## Instructions to follow
Copy, word for word, the opening line of the data and each line after it until the line that contains "Among all renewable", which is included. Leave the pictures out.

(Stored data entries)
Content starts
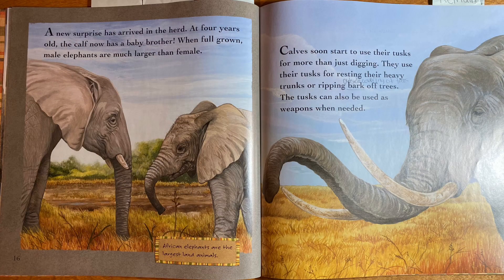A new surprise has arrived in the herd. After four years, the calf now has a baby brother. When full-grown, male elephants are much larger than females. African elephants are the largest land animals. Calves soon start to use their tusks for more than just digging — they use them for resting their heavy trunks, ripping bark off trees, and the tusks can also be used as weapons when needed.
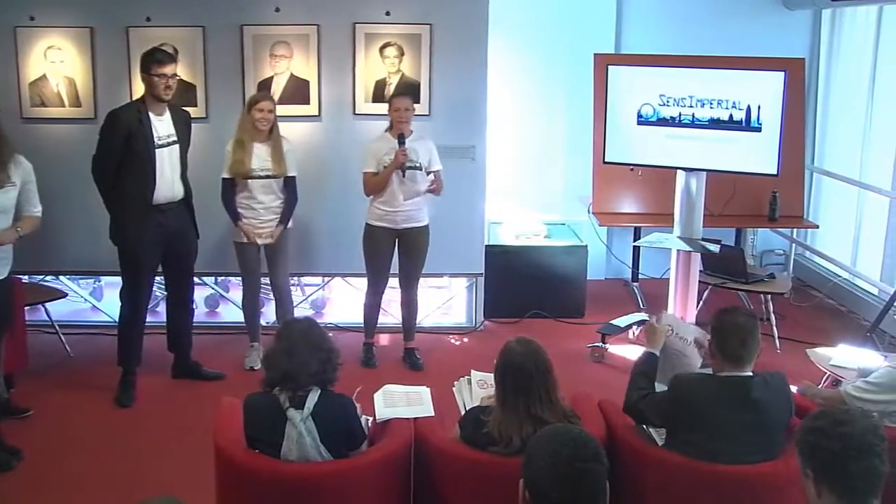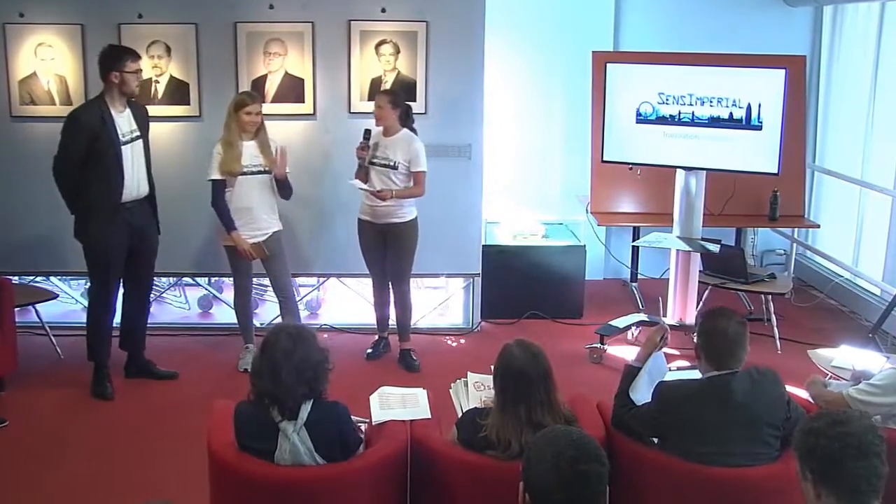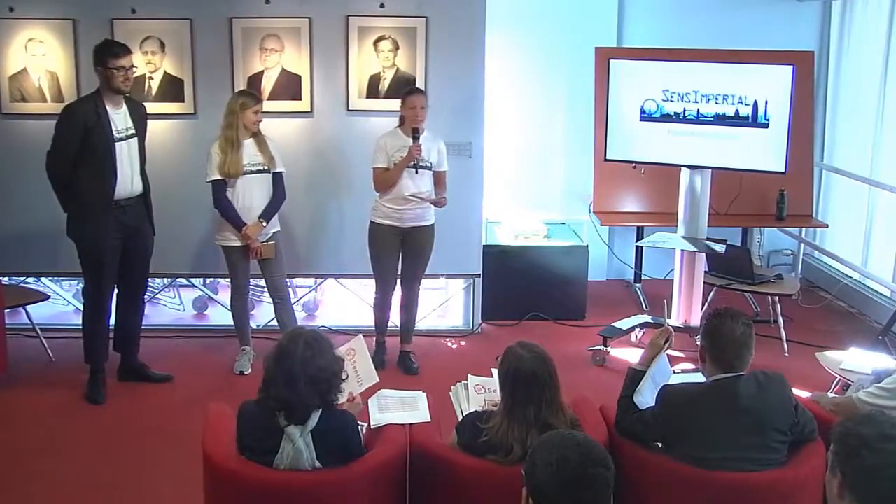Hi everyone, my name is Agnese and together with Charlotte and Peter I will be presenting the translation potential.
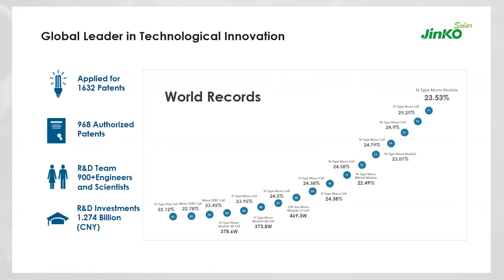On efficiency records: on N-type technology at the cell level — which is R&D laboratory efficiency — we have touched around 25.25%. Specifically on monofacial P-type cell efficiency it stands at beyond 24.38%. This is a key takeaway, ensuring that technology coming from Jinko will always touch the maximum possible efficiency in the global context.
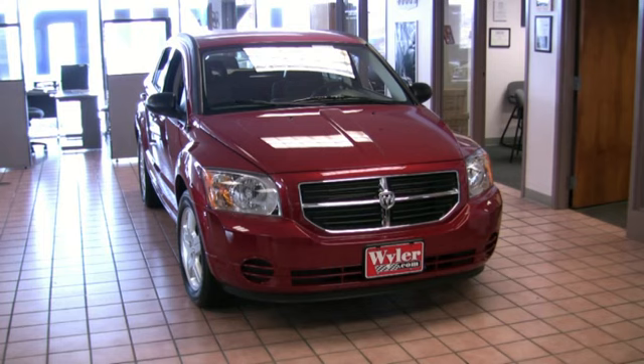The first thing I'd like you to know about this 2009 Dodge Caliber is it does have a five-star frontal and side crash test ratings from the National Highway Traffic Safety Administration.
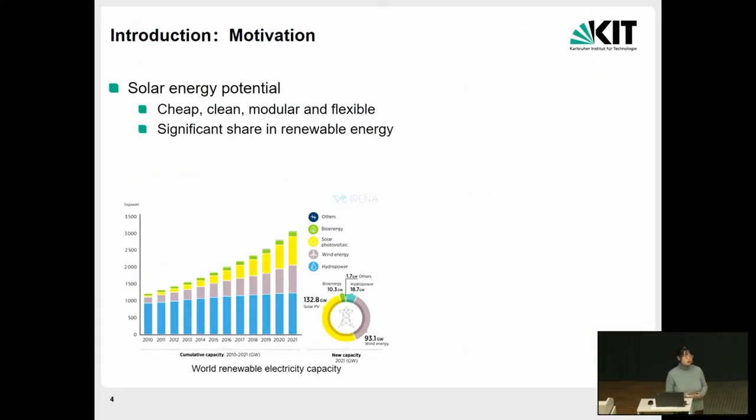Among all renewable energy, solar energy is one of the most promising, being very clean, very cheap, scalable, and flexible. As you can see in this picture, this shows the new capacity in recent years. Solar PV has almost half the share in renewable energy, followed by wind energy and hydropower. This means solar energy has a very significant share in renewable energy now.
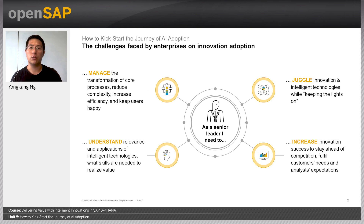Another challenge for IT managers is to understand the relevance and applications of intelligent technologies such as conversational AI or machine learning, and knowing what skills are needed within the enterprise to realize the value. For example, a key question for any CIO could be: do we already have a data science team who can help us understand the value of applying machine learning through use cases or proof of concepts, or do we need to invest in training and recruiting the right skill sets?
Content ends
## Task result
A new surprise has arrived in the herd. After four years, the calf now has a baby brother. When full-grown, male elephants are much larger than females. African elephants are the largest land animals. Calves soon start to use their tusks for more than just digging — they use them for resting their heavy trunks, ripping bark off trees, and the tusks can also be used as weapons when needed.
Hi everyone, my name is Agnese and together with Charlotte and Peter I will be presenting the translation potential.
On efficiency records: on N-type technology at the cell level — which is R&D laboratory efficiency — we have touched around 25.25%. Specifically on monofacial P-type cell efficiency it stands at beyond 24.38%. This is a key takeaway, ensuring that technology coming from Jinko will always touch the maximum possible efficiency in the global context.
The first thing I'd like you to know about this 2009 Dodge Caliber is it does have a five-star frontal and side crash test ratings from the National Highway Traffic Safety Administration.
Among all renewable energy, solar energy is one of the most promising, being very clean, very cheap, scalable, and flexible. As you can see in this picture, this shows the new capacity in recent years. Solar PV has almost half the share in renewable energy, followed by wind energy and hydropower. This means solar energy has a very significant share in renewable energy now.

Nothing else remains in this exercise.